[squid-dev] [PATCH] Ignore impossible SSL bumping actions, as intended and documented / bug 4237 fix

Tsantilas Christos chtsanti at users.sourceforge.net
Mon Aug 10 15:54:31 UTC 2015


According to Squid wiki: "Some actions are not possible during  certain 
processing steps. During a given processing step, Squid ignores ssl_bump 
lines with impossible actions". The distributed squid.conf.documented 
has similar text.

Current Squid violates the above rule. Squid considers all actions, and 
if an impossible action matches first, Squid guesses what the true 
configuration intent was. Squid may guess wrong. For example, depending 
on the transaction, Squid may guess that a matching  stare or peek 
action during bumping step3 means "bump", breaking peeked connections 
that cannot be bumped.

This unintended but gross configuration semantics violation remained 
invisible until bug 4237, probably because most configurations in most 
environments either worked around the problem (where admins experimented 
to "make it work") or did not result in visible errors (where Squid 
guesses did not lead to terminated connections).

While configuration workarounds are possible, the current 
implementation is very wrong and leads to overly complex and, hence, 
often wrong configurations.

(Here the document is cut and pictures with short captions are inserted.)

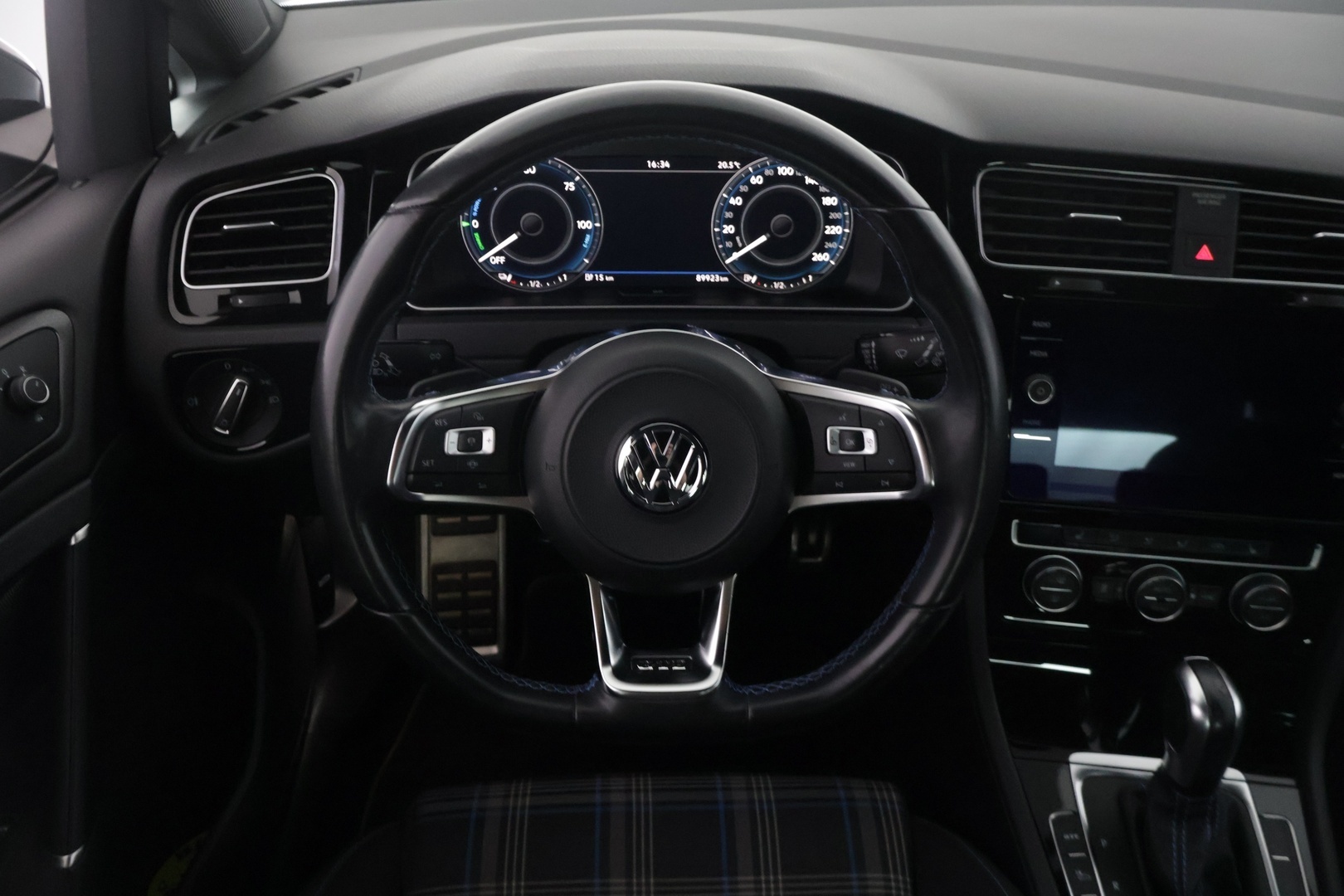 VOLKSWAGEN Golf 2021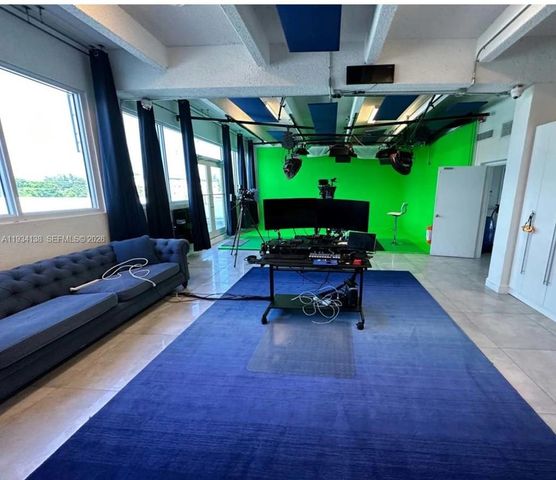 5465 NW 36th St, Miami Springs, FL 33166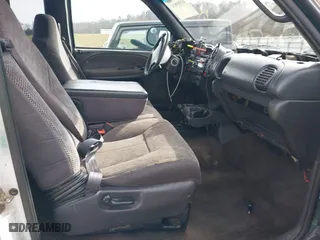 1998 Dodge Ram 1500 with VIN 1B7HF13Y4WJ203422, listed as a IAAI auction lot 41589831 with 454,838 mi miles. Bid and sale history available at carsss.com. Image 5.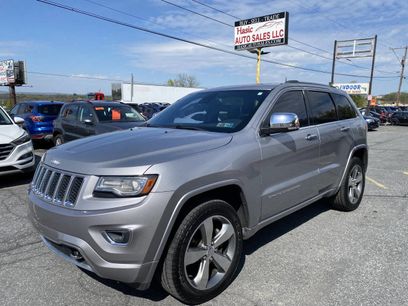 Used 2014 Jeep Grand Cherokee Overland w/ Advanced Technology Group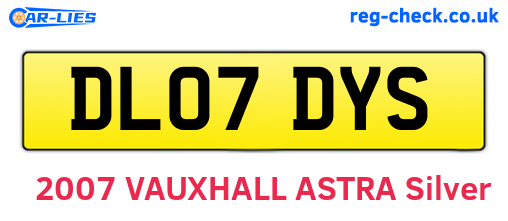 DL07DYS are the vehicle registration plates.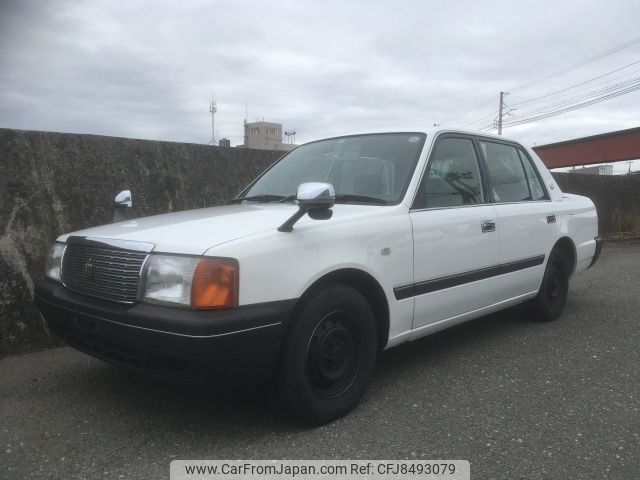 toyota crown-comfort 2006 CFJ8493079 image 1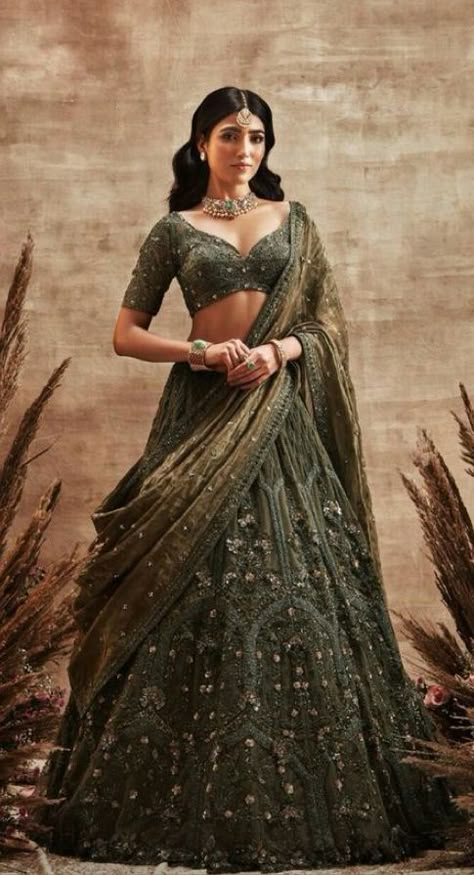 Bridal Lehenga Green, Lehenga Green, Indian Fits, Bridal Lengha, Reception Lehenga, Indian Outfits Lehenga, Traditional Blouse Designs, Lehenga Designs Simple, Taking A Picture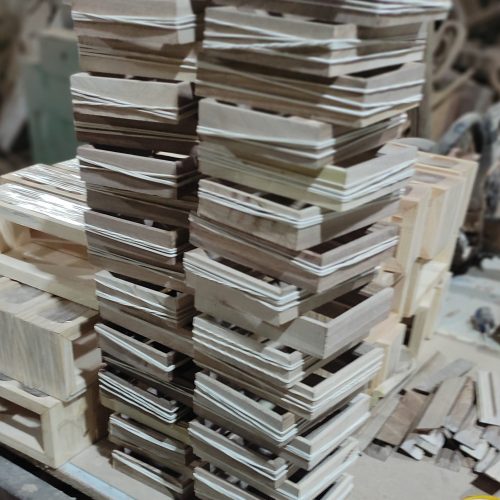 نجار وردست کارگر ساده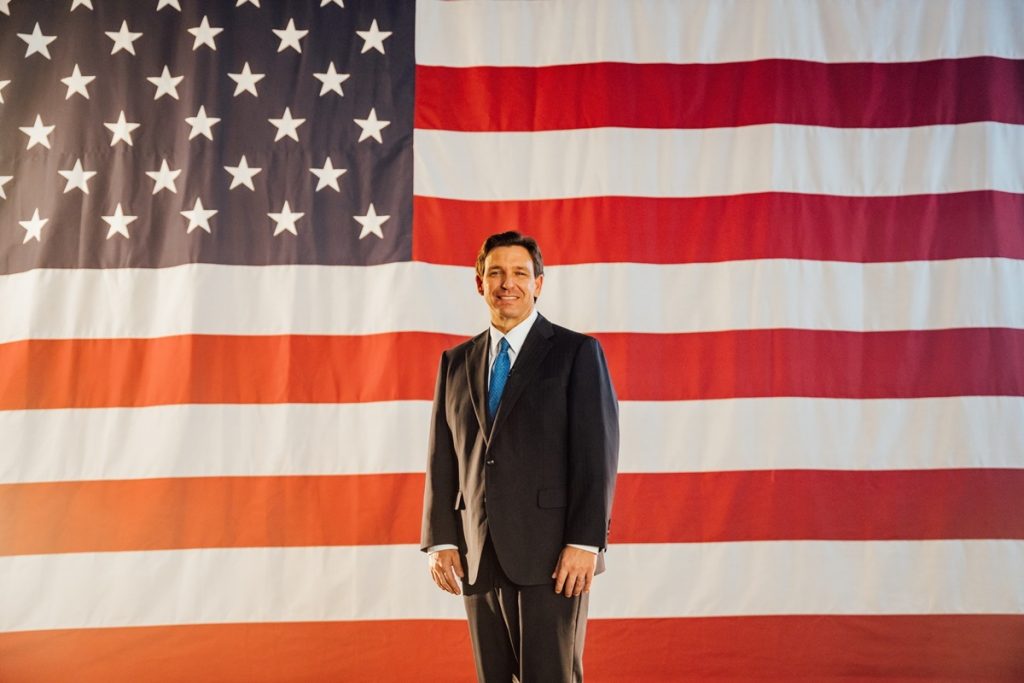Ron DeSantis - Candidato Con La Bandiera americana
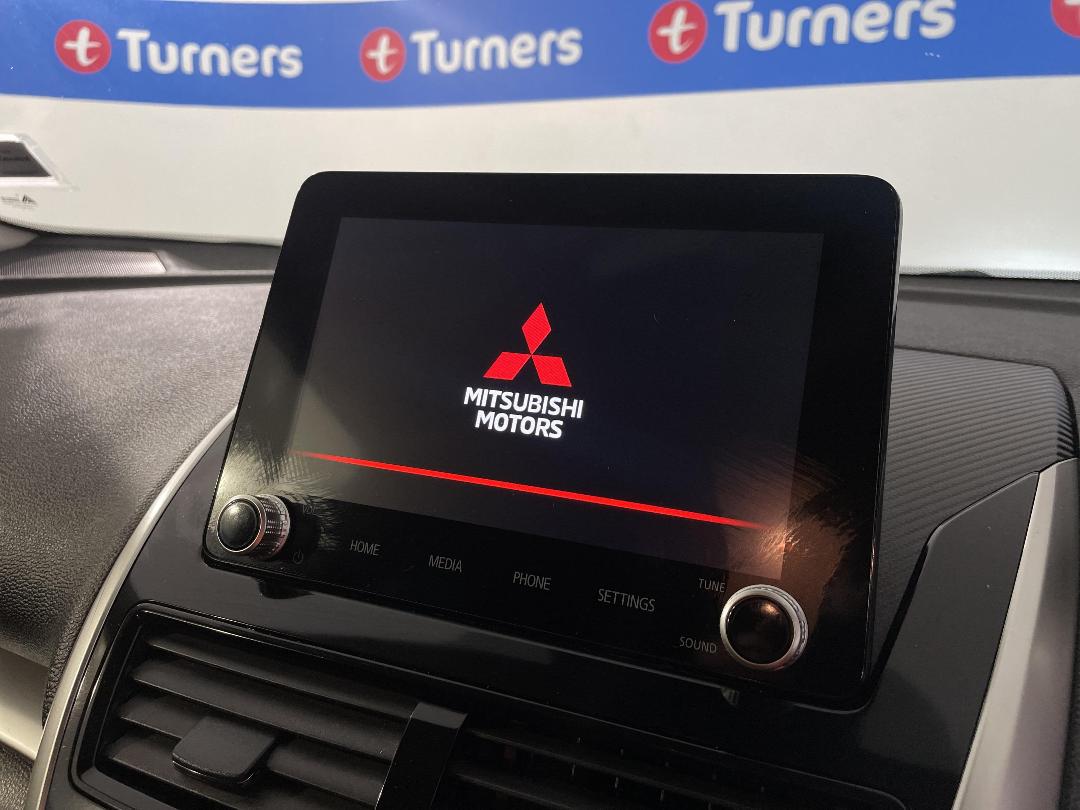 Photo '29' of Mitsubishi Eclipse Cross Photo '29' of Mitsubishi Eclipse Cross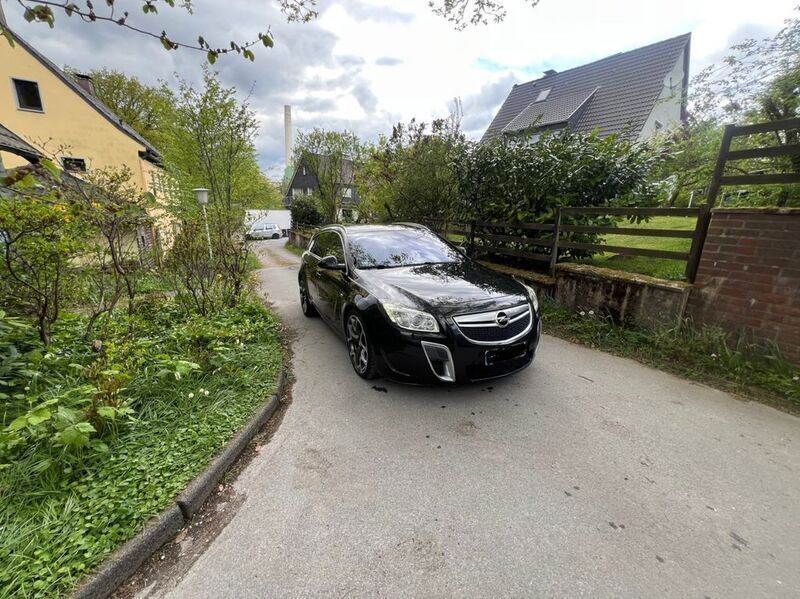 Schwarz Gebraucht 2010 Opel Insignia OPC Kombi | 6.950 € (Guter Preis) - Bild 1/4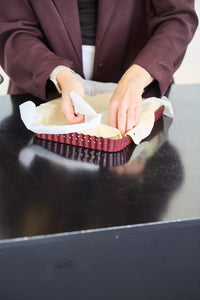 Fluted tart pan with removable base made of non-stick carbon steel 31x21x3cm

It is also nearly impossible to document 
accurately because the guessing logic depends on too many factors.

To fix this, we add an action filtering/banning mechanism to Squid ACL 
code. This mechanism is then used to:
   - ban client-first and server-first on bumping steps 2 and 3.
   - ban peek and stare actions on bumping step 3.
   - ban splice on step3 if stare is selected on step2 and
     Squid cannot splice the SSL connection any more.
   - ban bump on step3 if peek is selected on step2 and
     Squid cannot bump the connection any more.

The same action filtering mechanism may be useful for other ACL-driven 
directives with state-dependent custom actions.

This change adds a runtime performance overhead of a single virtual 
method call to all ORed ACLs that do not use banned actions. That method 
itself just returns false unless the ACL represents a whole directive 
rule. In the latter case, an std::vector size() is also checked. It is 
possible to avoid this overhead by adding a boolean "I may ban actions" 
flag to Acl::OrNode, but we decided the small performance harm is not 
worth the extra code to set that flag.